What Museums Can Learn From Hotel Chains
I started off this morning reading Debbie Morrison’s excellent post The End of ‘School’ as Usual . . . on her blog online learning insights. The first sentence of her post brought to mind some points I have been thinking about lately. She wrote “Applying business principles to academia at one time was taboo. Mentioning terms such as return on investment (ROI), customer focus,target market, would be met with blank looks – the deer-in-the-headlights syndrome.” This got me to thinking about another interesting discussion of late by Suse Cairns at the Museum Geek blog who posted Are We Engaged Yet . . . that takes up the real nuts and bolts behind the concept of what it means to “engage” in our cultural heritage institutions.
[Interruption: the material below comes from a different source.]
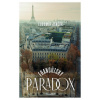 Francúzsky paradox - Ľubomír Jančok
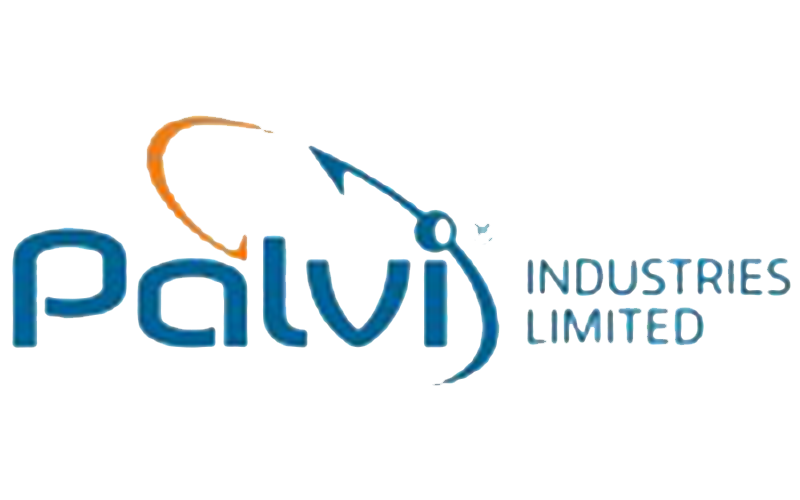 trusted logo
As a museum junkie, I reflected how over the past year or so in traveling across North America, I visited about 100 different cultural heritage venues, mostly museums. In those travels, I stayed in hotels on perhaps 50 evenings. As a result of those hotel stays, I received follow-up email surveys asking me to rate my experience or join a frequent user club. However, I don’t recollect ever receiving a follow-up email from a museum asking me to rate my experience or asking for feedback. I don’t recollect seeing a visitor comment card inside a museum in the past year, but I know they exist. I am certain some museums do ask for feedback like the hotel chains. However, that I did not experience a museum request in the past year likely reflects more the norm.
Having written the above, I do not want to suggest that cultural heritage specialists are not interested in what the public wants or needs from the publicly funded institutions. We discuss this issue a lot. I do think we need to take a different approach toward acquiring that information. Consider the following examples:
- Each fall for the past two years at the C.H. Nash Museum, in our weekly meetings with regular staff and graduate assistants from the University of Memphis, we discuss one chapter from Stephanie Weaver’s Creating Great Visitor Experiences. I really like the way this book with it’s 5-page or so chapters and lots of questions/exercises covers a broad range of topics such as finding your niche as an institution, signage, service, and more – lots of good things to think about. One of my favorite exercises is a simple SWOT type analysis of listing 10 institutional strengths and weaknesses that the museum has some control over. Last year, we took a new approach to this listing activity. Instead of just checking the task off as a weekly book chapter done, we returned in the following weeks to consider how the strengths and weaknesses were addressed by our mission, vision and strategic plan. We decided to return to the list regularly to see how we were doing. Were we living into our strengths? Were we addressing our weaknesses? But in thinking about two blog posts above, I realize we also need to consider what our visitors think are our greatest strengths and weaknesses. We will take up that challenge this fall.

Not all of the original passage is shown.